> **What the task requires**
Copy out exactly the lines beginning with the one that contains "Sarı şerit metre, yirmi" and ending at the last line of the listing, skipping any pictures.

> **Dataset section**
☆ ☆ ☆ ☆ ☆ ☆ ☆
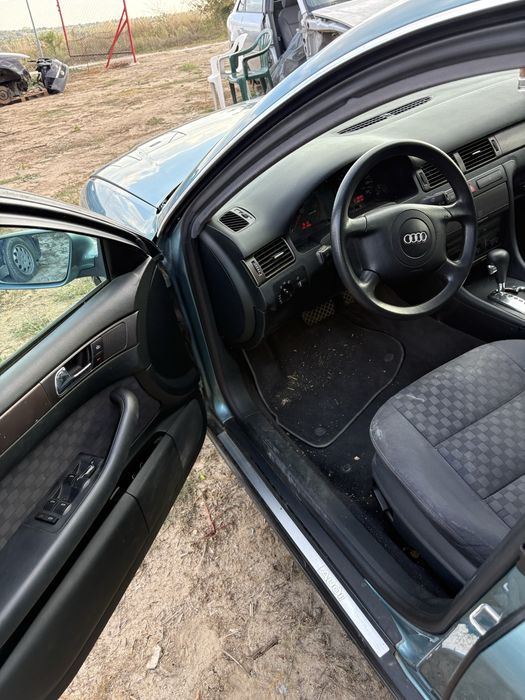 На части Audi A6 2.5 180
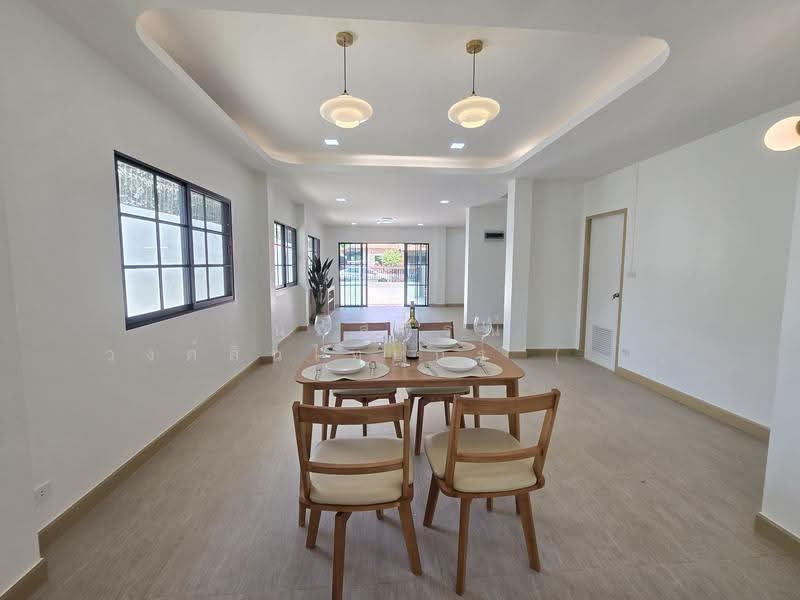 หมู่บ้านเอกกวิน เลียบคลองสอง คลองสามวา, Bangkok, เลียบคลองสอง, Bang Chun, Khlong Sam Wa, Bangkok, 4 Bedrooms, 200 sqm, Single Detached House For Sale, by นภัสศรณ์ วงศ์สินไทยกร (นันท์), 500570353 - DDproperty.com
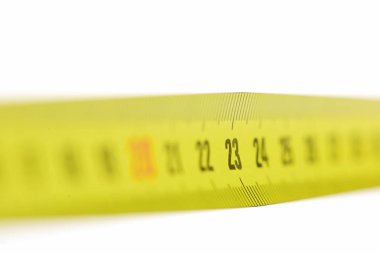 Sarı şerit metre, yirmi üç numaralı üzerinde odaklanmış bir parçası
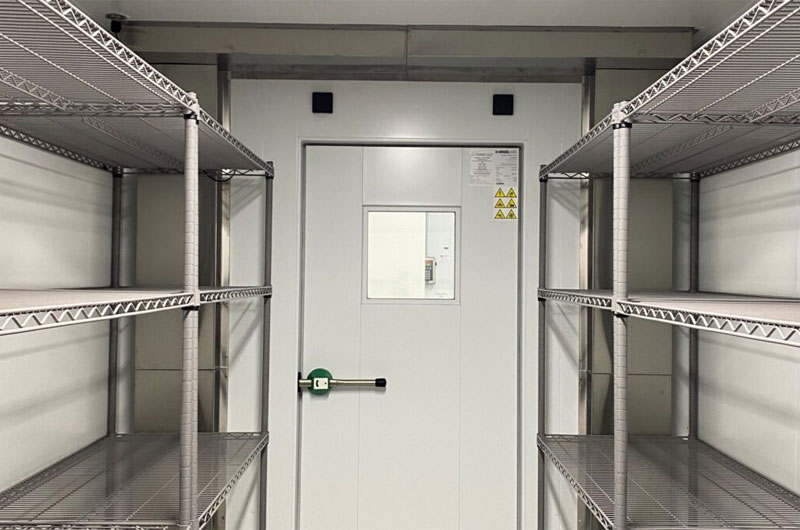 Vaccine Cold Room Shelving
☆ ☆ ☆ ☆ ☆ ☆ ☆
> **Finished exercise**
 Sarı şerit metre, yirmi üç numaralı üzerinde odaklanmış bir parçası
 Vaccine Cold Room Shelving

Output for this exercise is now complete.